Tuttavia il NYT riporta anche molti voci contrarie: alcuni ricordano e ribadiscono la totale separazione fra Stato e religione, altri genitori che si definiscono “cristiani devoti” dicono che spetta a loro e non allo Stato insegnare la religione ai figli. Credenti di altre fedi ritengono che non è equilibrato dare tutto questo spazio al cristianesimo e un “cristiano e democratico, nonché studente di un seminario presbiteriano” sostiene che “stanno usando il Texas come banco di prova per queste idee estreme”.
Resta il fatto che senza la Bibbia si comprende poco della cultura occidentale.
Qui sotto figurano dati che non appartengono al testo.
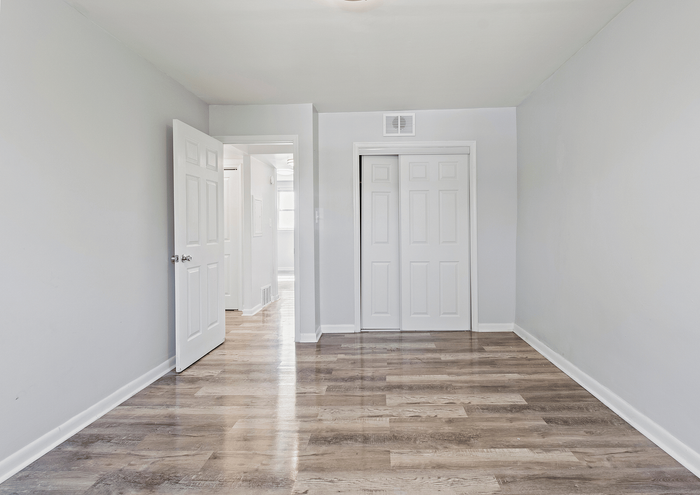 Bright room with sleek wood flooring and white closet doors.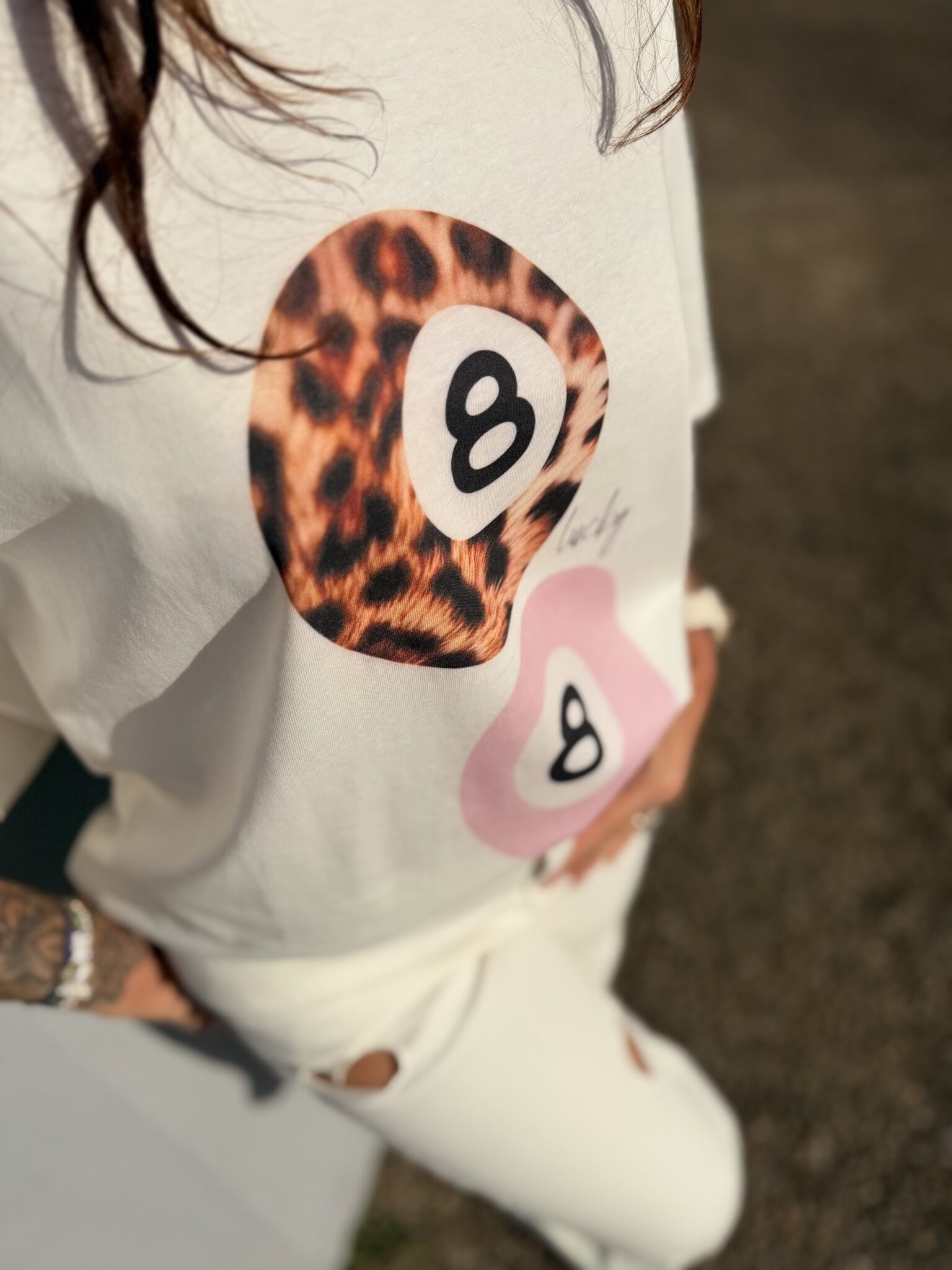 Femme aux cheveux brin mi long porte un tee-shirt tendance léopard et rose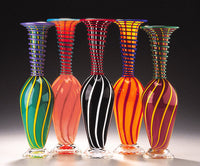 left to right: dark green, peach, black, yellow, purple
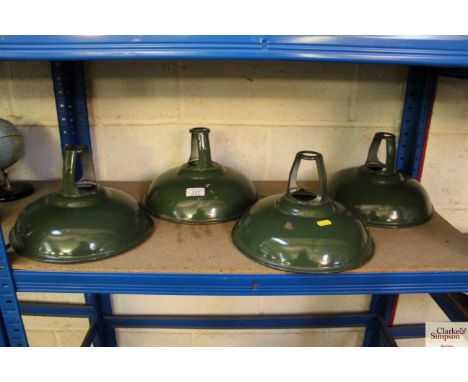 Four green enamel light shades 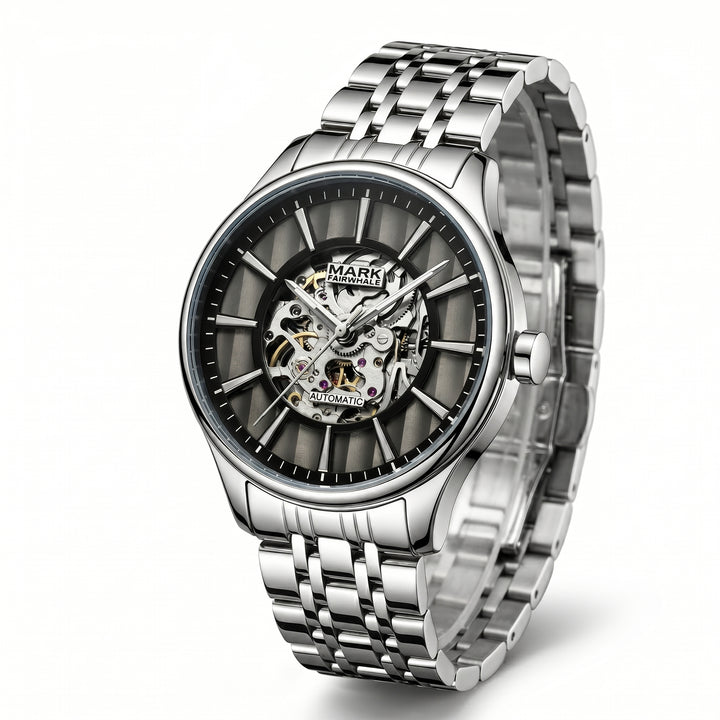 Silver wristwatch with a detailed mechanical face on a white background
Certo, è un’opera complessa e comprende libri estremamente diversi tra loro a cui bisognerebbe accostarsi con prudenza e competenza.
Tuttavia non c’è bisogno di essere cristiani praticanti per chiedersi – anche da noi – se il sistema scolastico (specialmente alle superiori) può ignorarla. La scuola italiana ha mai riflettuto su questo? Probabilmente l’esistenza dell’ora di religione (peraltro facoltativa) fa ritenere a qualcuno che il problema non si ponga. Ma ne siamo sicuri?
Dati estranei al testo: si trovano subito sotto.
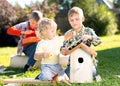 Little boys brothers building birdhouse outdoors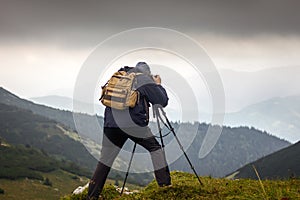 Landscape photographer with tripod in mountains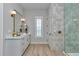 Modern bathroom features a spacious vanity, neutral tile walls, and a glass-enclosed shower with modern gold accents at 1631 W Hwy 329, Citra, FL 32113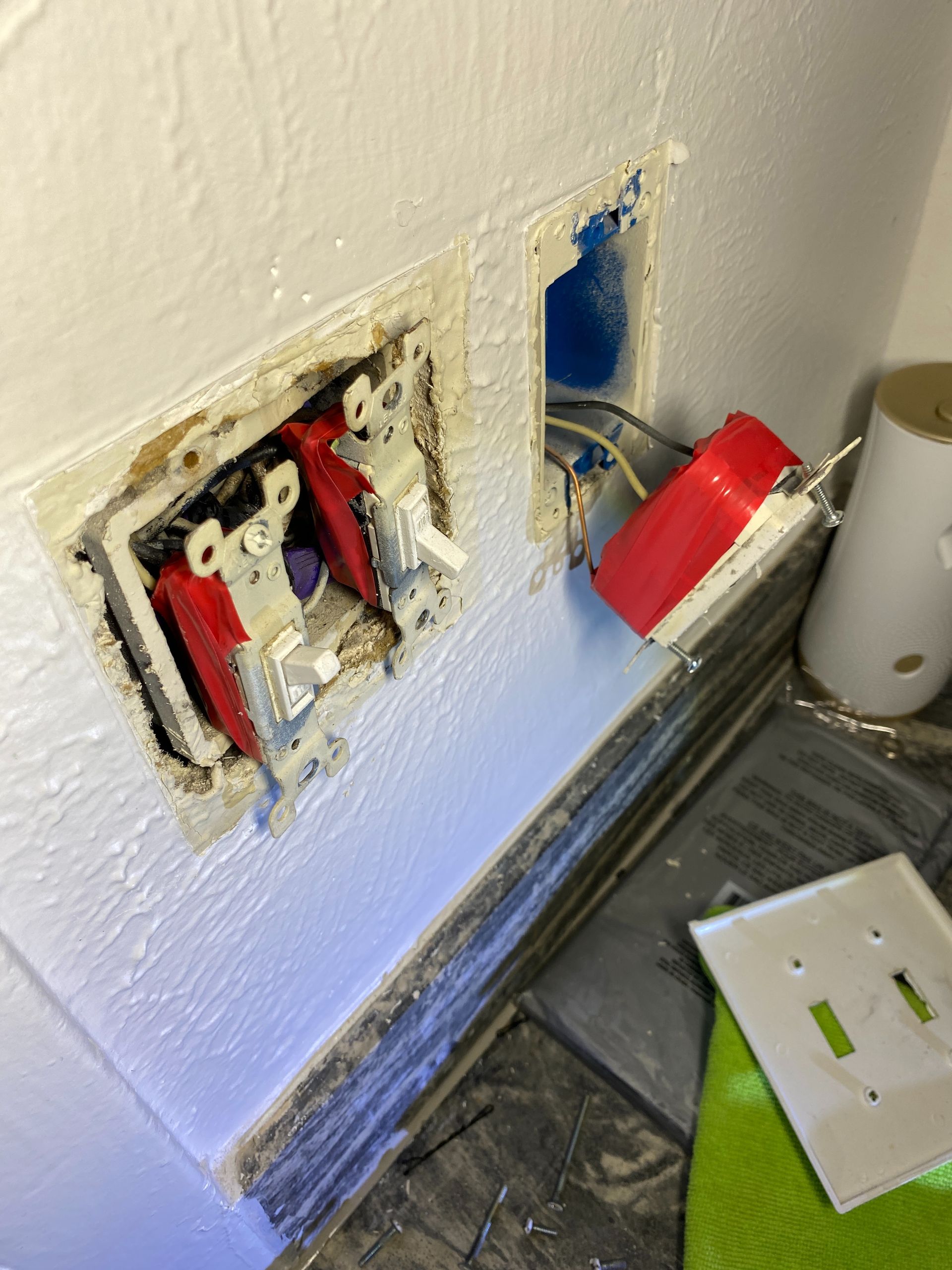 A light switch is being removed from a wall.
È interessante ricordare il parere di don Lorenzo Milani, che certo di scuola capiva molto e che è da sempre evocato negli ambienti di Sinistra come uno dei suoi ispiratori. Precisamente nel libro Lettera a una professoressa – che da sempre è considerato un testo che ha anticipato la contestazione studentesca del ’68 – si legge:
“Tre anni su tre brutte traduzioni di poemi antichi (Iliade, Odissea, Eneide). Tre anni su Dante. Neanche un minuto sul Vangelo. Non dite che il Vangelo tocca ai preti. Anche levando il problema religioso, restava il libro da studiare in ogni scuola e in ogni classe. A letteratura il capitolo più lungo toccava al libro che più ha lasciato il segno, quello che ha varcato le frontiere. A geografia il capitolo più particolareggiato doveva essere la Palestina. A storia i fatti che hanno preceduto accompagnato e seguito la vita del Signore. In più occorreva una materia apposta: scorsa sull’Antico Testamento, lettura del Vangelo su una sinossi, critica del testo, questioni linguistiche e archeologiche”.
Don Milani, rivolto a tutti, chiede: “Come mai non ci avete pensato?”. La sua tesi è questa: “forse chi v’ha costruito la scuola Gesù l’aveva un po’ in sospetto”. La sua conclusione è drastica: “Da gente che dimentica il Vangelo c’è da aspettarsi qualunque cosa. Vien fatto di dubitare di tutto quello che insegnate”.